Otobüse bindikten sonra cam kenarına kuruldum bir güzel. Akşam trafiğini de hesaba katarsak uzun sürecek yolculuk için atkımı ve ceketimi çıkarıp iyice kuruldum koltuğa. Çantadan kitabımı, cebimden telefonumu çıkarınca farkettim arandığımı.
Akşam için planlanan programda iki saatlik bir tehir olduğunu işaret ediyordu telefondaki ses. Otobüs henüz hareket etmediyse de, yapacak fazla bir şey yoktu. Hani vardıysa bile benim yapasım yoktu sanırım. Sonrasını düşünmeksizin kitabıma gömüldüm. Kim bilir ne işler karıştıracaktı Ernest yine?
Sisin içinde bütünüyle kaybolan Boğaziçi'ni geride bıraktıktan sonra karar verdim Profilo'ya gitmeye. Akşam yemeğini böylece aradan çıkarabilirdim. Binlerce kez geçtiğim Mecidiyeköy sapağında insanlar savrulurken otobüsün içinde, ayağa kalktım.
Yine sis, yine soğuk. Bu kaldırımlar ne kadar da tanıdık, hala değiştirmemişler mi? Bak şurada eskiden Osmanlı Bankası vardı, o güzel ağacı dururdu şurada. Profilo denilen yer de fabrikaydı bir zamanlar, şimdiki gençler bilmez.
Tek başıma yemek yemeyi sevmem, iştahım kapanır. Üstelik yine mi ekmek arası bir şeyler? Ah ama bak amca eline gitar almış yumuşak yumuşak söylüyor. Ne çok yalnız insan var masalarda. Kimisi bir şeyler okuyor, kimisi etrafa bakınıyor dalgın dalgın.
Eskiden olsa ne çok adam vardı bu civarda kapısı çalınacak, kimisi okulu bitirdi gitti, kimi başka yere taşındı. Son kalan ikisinden biri Sibirya'ya, diğeri de askere gidince kapılar duvar oldu. Hem bak burası da fabrikaydı eskiden, adam şarkı söylüyor şimdi.
Aşağı inip bir kahve aldım ama çok vaktim yok, hemen dışarı attım kendimi. Soğuk yine. Elimde sıcacık kahve, yüzüme vuran nemli soğuk ve kaldırımlar, o eski düzensiz kaldırımlar. Şu adam psikopat gibi bakıyor, beni mi takip ediyor ne?
Ben bu kaldırımların cemaziyel evvelini bilirim dedim sağda bekleyen taksiciye, bana deliymişim gibi baktı. Esentepe Caddesi'nin girişini pas geçip devam ettim. Eskiden en kallavi odasında künefe yediğim binanın birinci katı bilardo salonu, ikinci katı spor salonu olmuş.

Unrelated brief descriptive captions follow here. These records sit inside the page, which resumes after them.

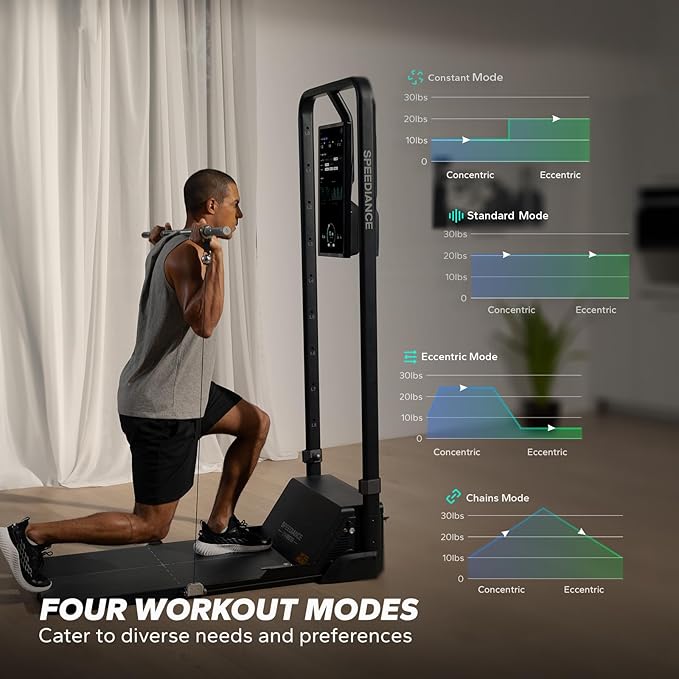Gym Monster Smart Home Gym — Multifunctional Strength Training Machine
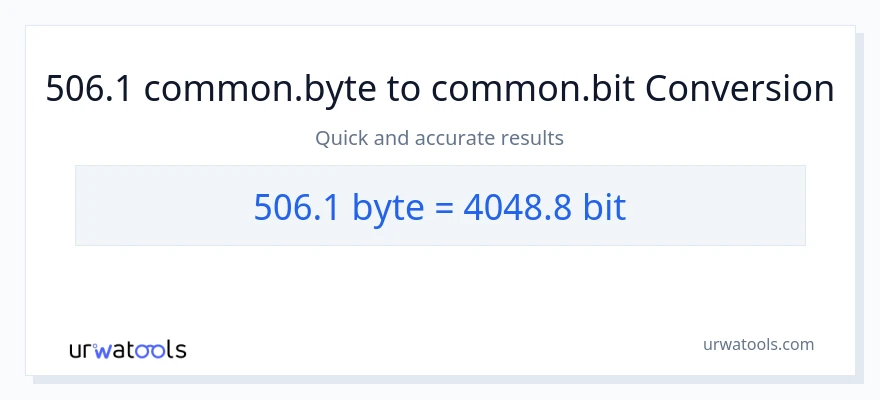 506.1 Bytes இலிருந்து Bits வரை மாற்றம்
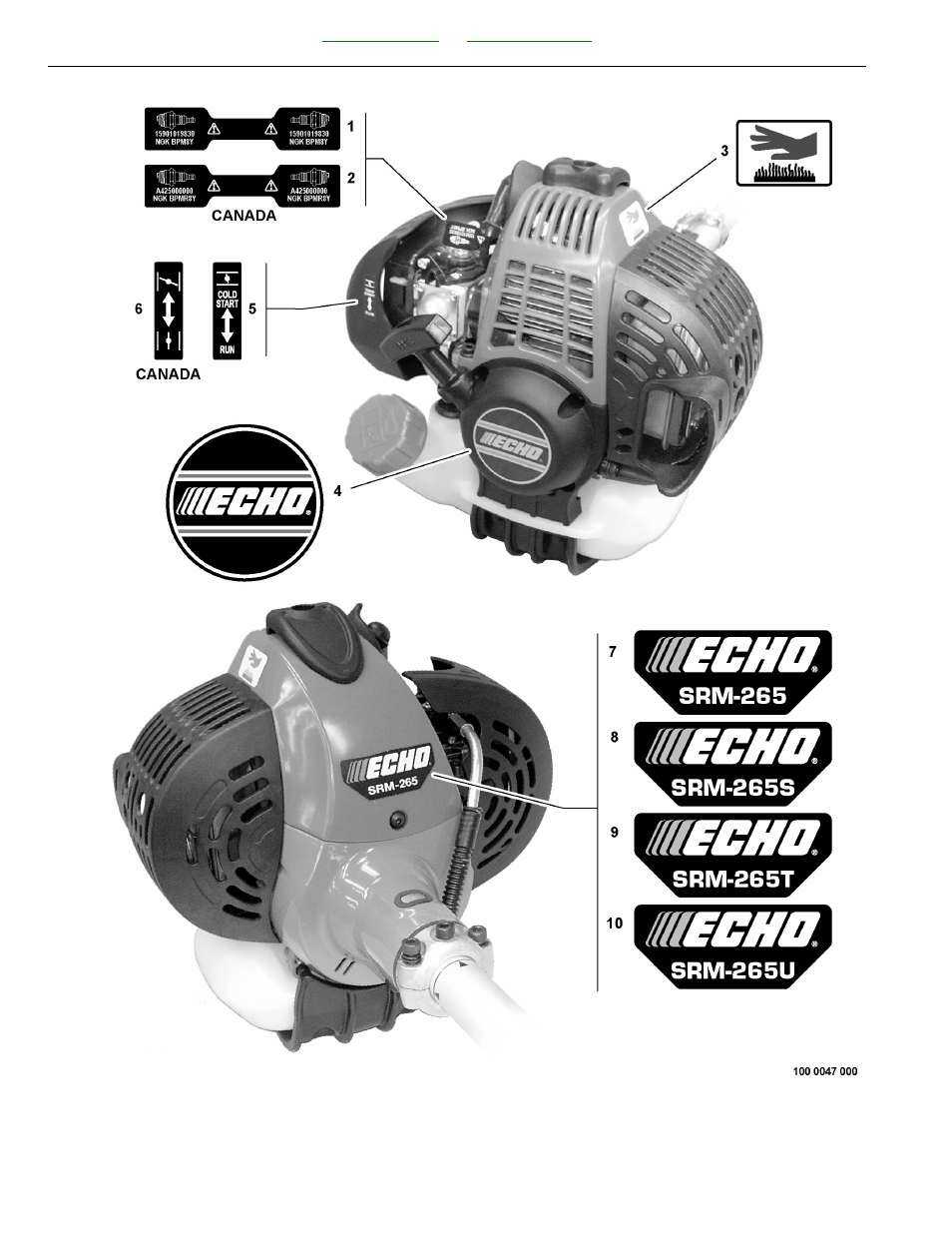 Labels | Echo SRM-265S User Manual | Page 32 / 42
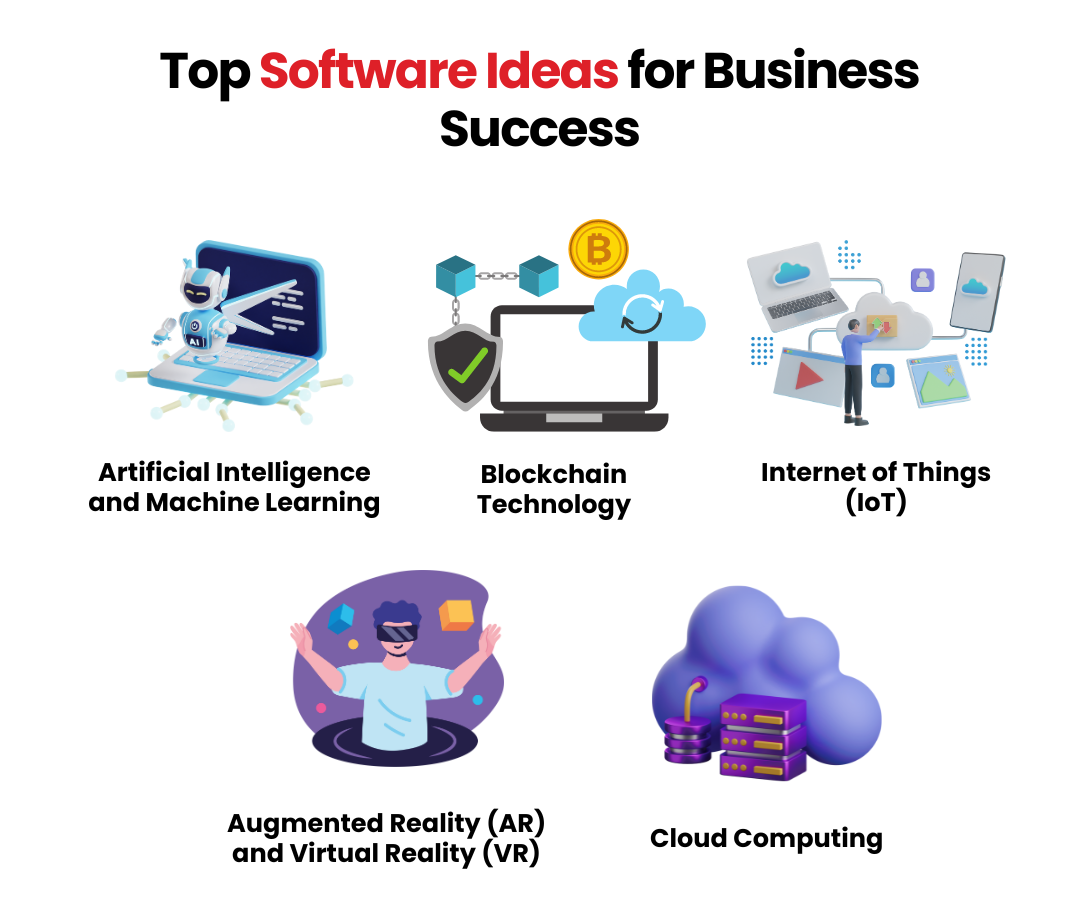 Top Software Ideas for Business Success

Bir bak, kaç defa geçtim bu kaldırımdan biliyor musun? Bu sokakların her bir yanını bilirim ben. Her bir karosuna bastım özenle. Asfaltlarını çiğnedim arabayla defalarca. Deli dürtmüştü işte, güneşin altında sokak felsefesi yapıyordum.
Binalara ne demeli? Her birinin merdiven boşluğu nasıl kokar bilirim. Tam şimdi güldüm kendime, Yılmaz Erdoğan gibi mi yazıyorum ne? Ama böyle, yapacak bir şey yok.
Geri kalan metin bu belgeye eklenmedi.